Sozvezdie
- Location: Yaroslavl, various cities in Russia
- Started: 1989
- Founded by: Evgeny Zharikov, Russian Film Actors Guild
- Language: Russian

= Sozvezdie (film festival) =

Russian film festival

Sozvezdie ( or Кинофестиваль Созвездие), also known as Sozvezdie International Film Festival and International Actors Festival Sozvezdie, is a Russian film festival based in Yaroslavl. Meaning "Constellation", this film festival is also referred to as an "Actor's Film Festival". It gives awards to actors in various categories.

It was founded by Evgeny Zharikov in 1988, president of the Guild of Actors of Soviet Cinema, with the first edition of the festival being held in 1989.

==History==
Sozvezdie was founded by Evgeny Zharikov, who was President of the Guild of Actors of Soviet Cinema From 1988 to 2000 (known as Russian Film Actors Guild from 1991). As of August 2022 The first festival was held in 1989.

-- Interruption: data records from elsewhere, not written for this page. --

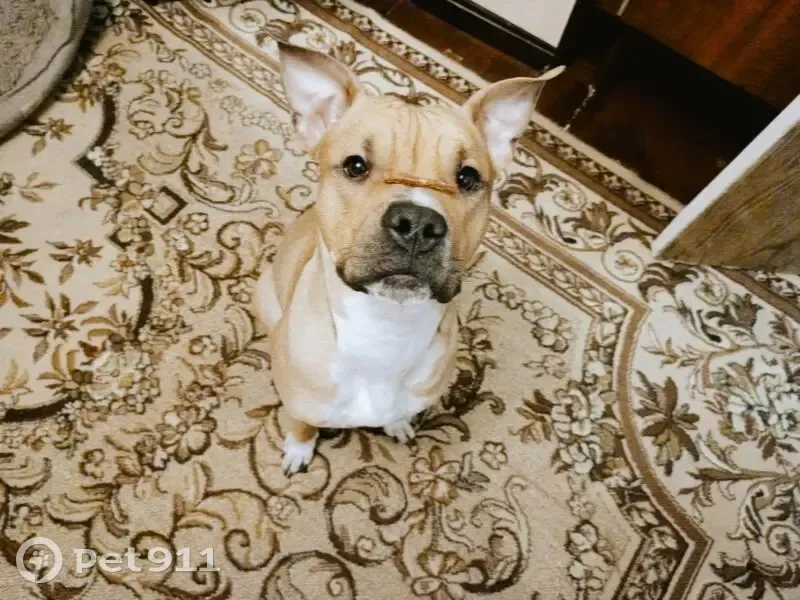 Пропал собака, улица Ленина, Красноуральск - коричневый комбинезон и черная шлейка - photo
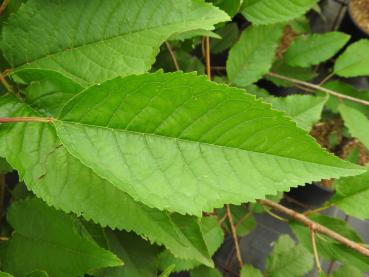 Prunus avium Plena - Vogelkirsche Plena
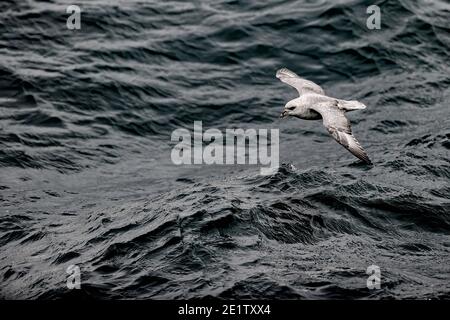 Der nördliche Fulmar gleitet über die Wellen des arktischen Ozeans Stockfoto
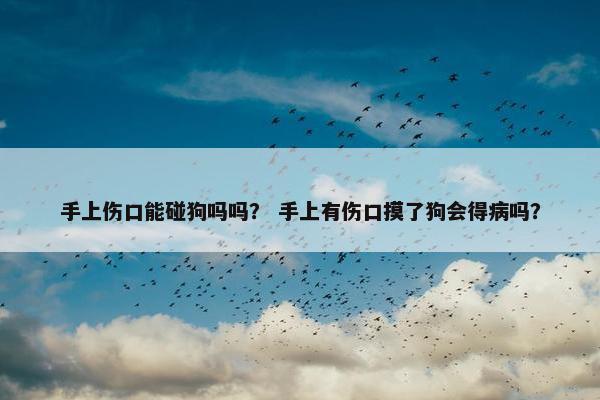 手上伤口能碰狗吗吗？ 手上有伤口摸了狗会得病吗？
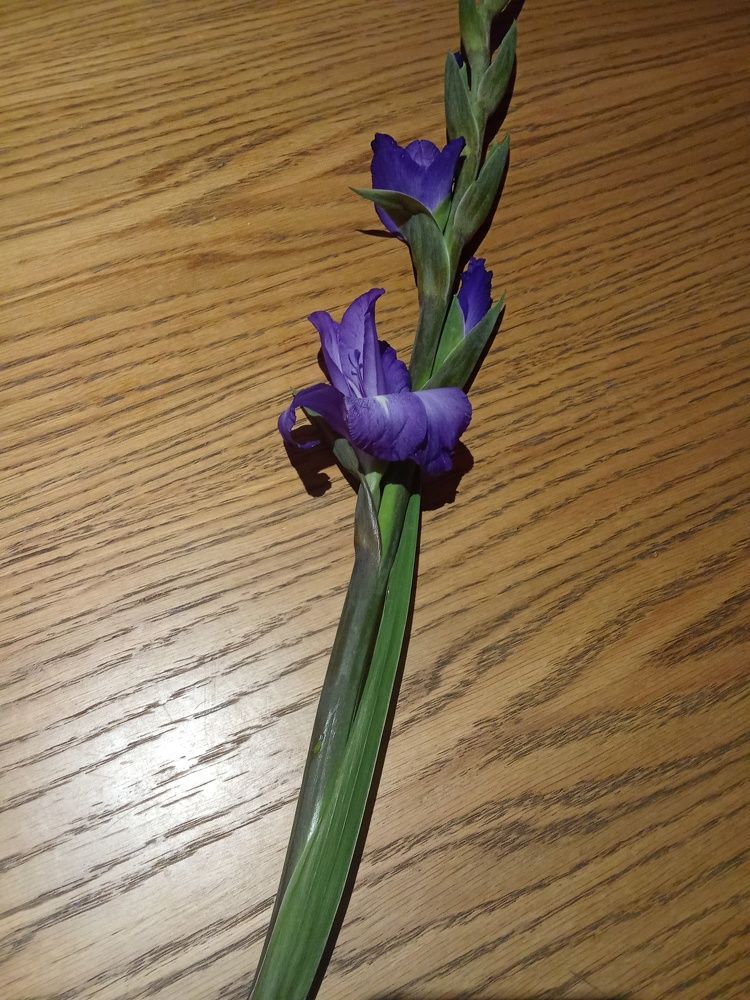 Photo #11344667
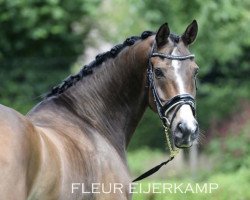 dressage horse Buitenlust Florus (Welsh, 2003, from Vita Nova's Golden Boris)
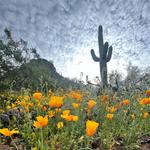 Picacho Peak State Park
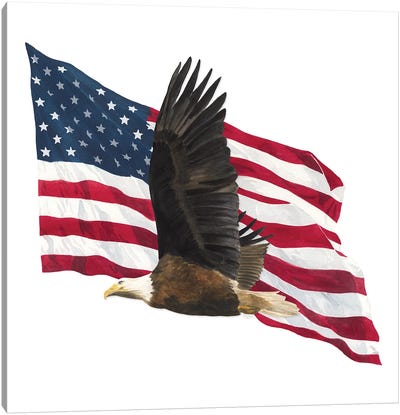 Let Freedom Soar IV Canvas Art Print - Eagle Art
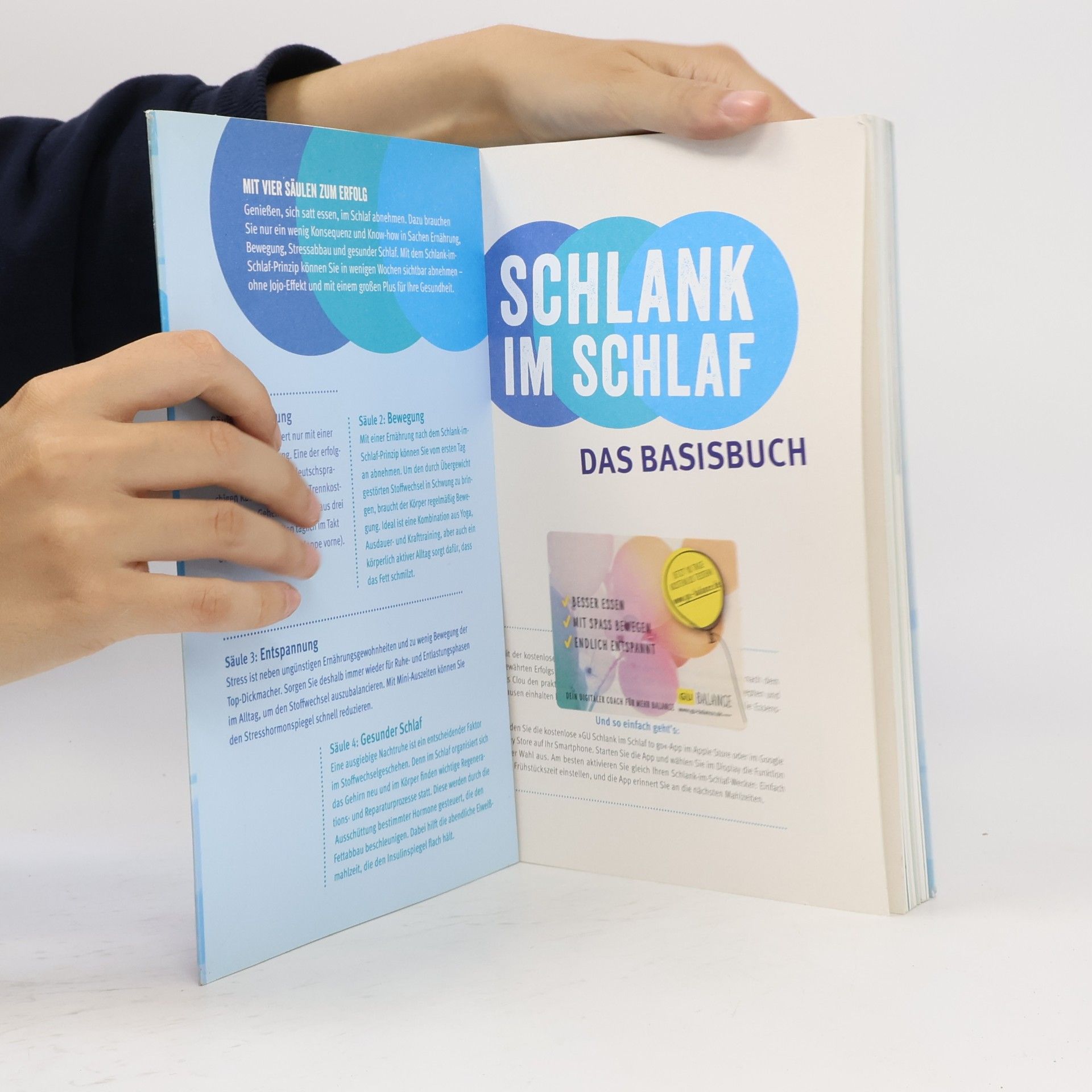 Detlef Pape Schlank im Schlaf - das Basisbuch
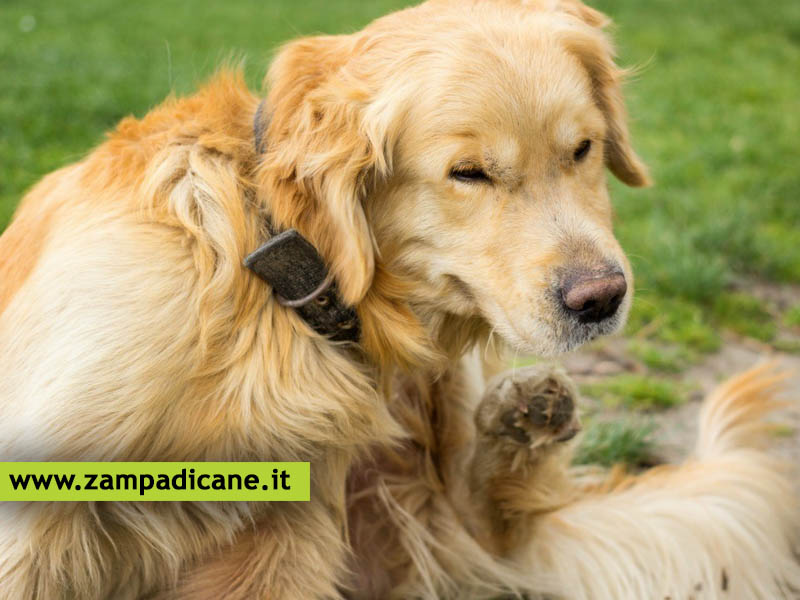 Il prurito nel cane: come lenirlo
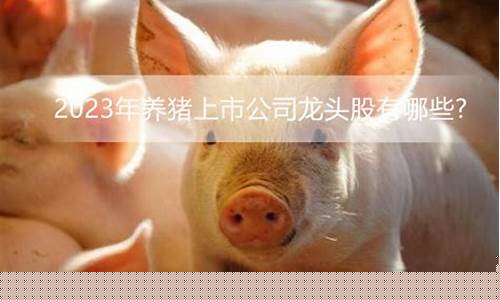 15家养猪上市企业哪家强(15家养猪上市企业哪家强些)_https://www.jianghaiboli.com_黄金期货_第1张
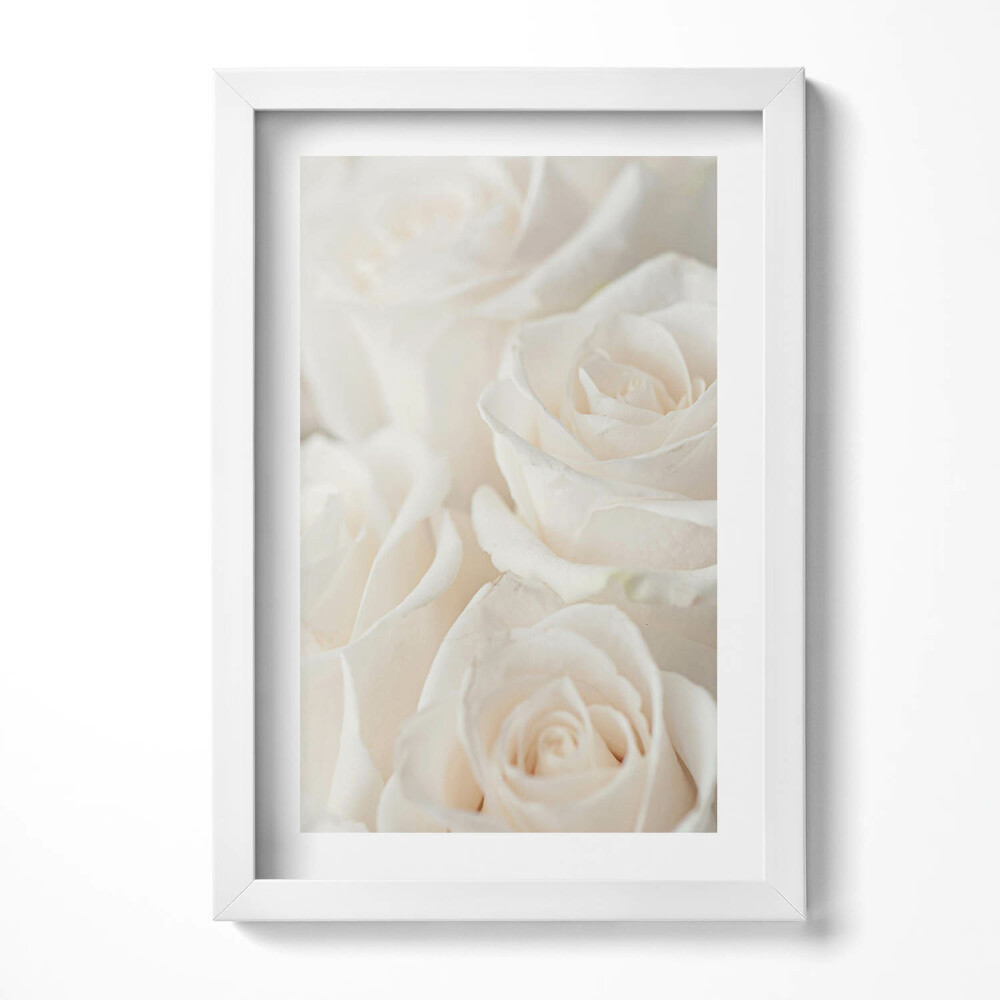 Obraz s rámem elegantní Bílé jemné různé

The 7th edition of the festival was held in May 1995, and was attended by actor and director Dmitri Zolotukhin.

In 1999, 2000 (11th edition), and again in 2001 Sozvezdie was held in Arkhangelsk.

The 19th edition of the event was held in 2011 at Kostroma, where Belarusian films were shown.

==Governance and description==
The festival is organised by the Russian Film Actors Guild and called "Constellation" in English. Only film and theatre actors participate in the selection committee, jury and in the competition, which is described as "a serious show of acting works". The festival is based in Yaroslavl.

In 1999, Sergey Zhigunov was president of the festival.

As of 2008, actor Alexander Goloborodko was president.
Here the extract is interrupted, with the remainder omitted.